So I decided I would follow the advice of Raschel and make a pros and cons list about going private. This way not only I would see what I'm debating between, but you too will see my issues and may be able to help me figure out what to do.
PROS in going private
1. First and foremost, SAFETY. As most of you may already know, it is inevitable that Austin will be deployed before this year is up. I would feel very nervous about announcing to the entire blog reading nation about my husband being gone for 7 months while I sit at home ALONE with my four children. Not only this, but very soon he will be gone for his schooling in Rhode Island. Same situation with that. I want to be able to whine on here about missing him if needs be and not worry about some crazy man (or woman) preying on my loneliness.
2. Hmmm...that's really the only pro.
CONS in going private
1. Certain "secret" visitors would not be visiting anymore. So I know I'm pretty much contradicting myself but some of those "secret" visitors are too hush hush to even let me know they are there (even though 'I' know you're there *wink*) and I LIKE them being secretly there (as long as they aren't drawing diagrams of my floor plan and making mental notes about dates and times I'm alone). I don't want to lose those visitors.

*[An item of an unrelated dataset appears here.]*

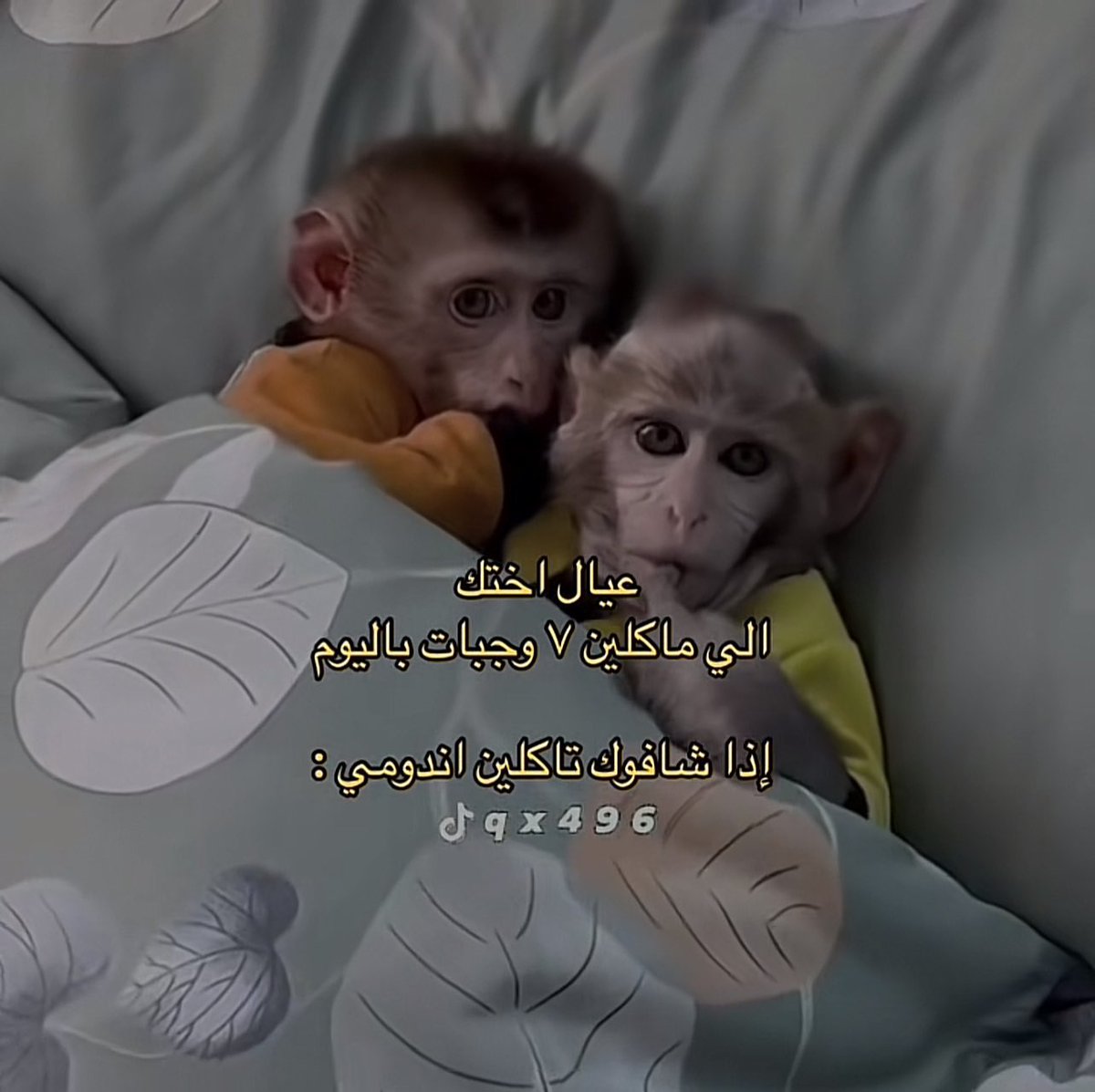 اصدق شيء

2. Logging on issues. Some of my visitors that aren't afraid to say hello, don't say hello because they can't quite figure out the whole google account thing. Not that there's anything wrong with that, I just don't wanna lose you because it takes too much brain function to figure out how to create an account. I love you my google-retards and I don't wanna close the door to our relationship.
3. Comments. I love em. You know this, I say it all the time. I LOVE COMMENTS!! They make my day, my week, my hour. I seriously sit at the computer all day clicking "refresh", "refresh", "refresh" just waiting for a new comment. No, but really...I do. I worry that going private will limit my comments because people will find visiting me too much of a hassle. Then my self esteem will slowly drop, I may go into a deep depression and quit blogging all together.
4. Unsafe. Back to the pro of going private...it creates a CON for not going private. I don't think I really need to go over this again..you know the problem.
5. Loss of blog hoppers. One of my favorite things about blogs is that you can hop from one to another to another until you find a blog you love and continue to visit it to make you smile and laugh. With a closed blog no hoppers from other blogs will be able to hop to mine which means the amount of visitors I have right now will NEVER grow. I will either stay at this amount or slightly diminish which makes me sad. You have no idea how many people I've met through my blog hoppers and how many friendships have been created because of them. I don't know if I'm willing to lose future fun friends. But then again, if I'm murdered on the side of the road I guess future friends won't matter, right?
So that's that. Any advice? Suggestions? I guess what I really have to say is that I do NOT want to go private. But I fear that not going private and allowing something to happen to my family will forever haunt me. So what can I do to be safe, but also be open? Thank you friends!